We came across the article “OSHA Lessens reporting Obligation for Most Employers” by David Sparkman, published on www.ehstoday.com. This article covers the revised rules regarding employer electronic injury and illness record keeping. The new revision no longer mandates that employers electronically submit Forms 300 and 301. However, there are some exceptions to this rule. Employers with 250 or more employees or those with 20 to 249 employees in a high hazard industry must still electronically submit Form 300A each year.
According to the article, the main reason for this revision is for the protection of privacy. The old rule required employers to electronically publish 300 logs and 301 forms on the OSHA website. Although employee names and personal information was removed, employers argued that the reports could still easily give away personal information. They referenced the fact that reported details about the type of injury or illness, medical treatment, and mechanism of injury could result in the identification of the involved employee. It was also mentioned that the requirement for employer information to be reported served as a form of public shaming.
There are many groups on both sides of the issue who disapprove of the new rule. Certain unions benefitted from the publicly displayed data and will most likely challenge the new rule. The state of California is also concerned about OSHA getting rid of or lowering some requirements for the submission of injury and illness data. Cal/OSHA may go about implementing changes to protect the goals of data submission if they determine it to be necessary.

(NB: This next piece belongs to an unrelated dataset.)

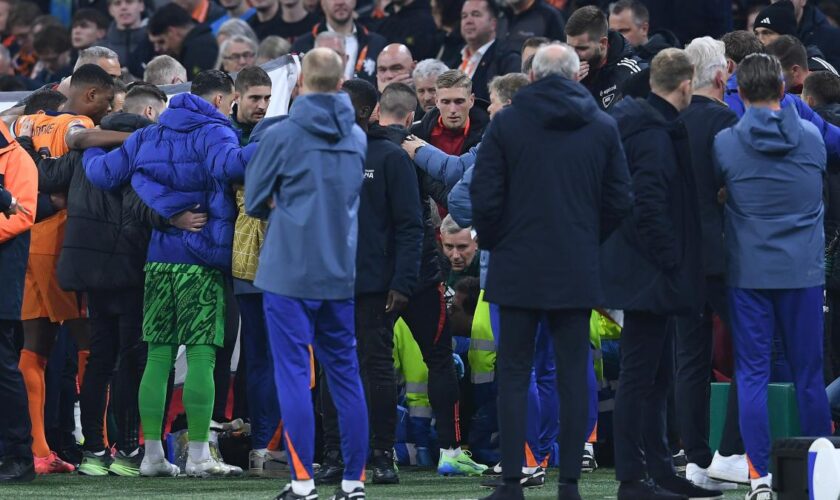 Schock im Stadion – Ungarns Betreuer Szalai bricht an der Seitenlinie zusammen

On the other side of the spectrum, some employers believe that the new rule has failed to make significant changes. For example, according to Eric J. Conn and Daniel C. Deacon of Conn Maciel Carey LLP, only a small number of workplaces ever needed to submit 300 and 301 level data. They point out that employers will still need to submit injury data, and for most of them, the type of data has not changed. Among other things, they would also like changes to be made to lower the number of employers burdened by the reporting rule.
Regardless of your stance, it is important to familiarize yourself with the new rule.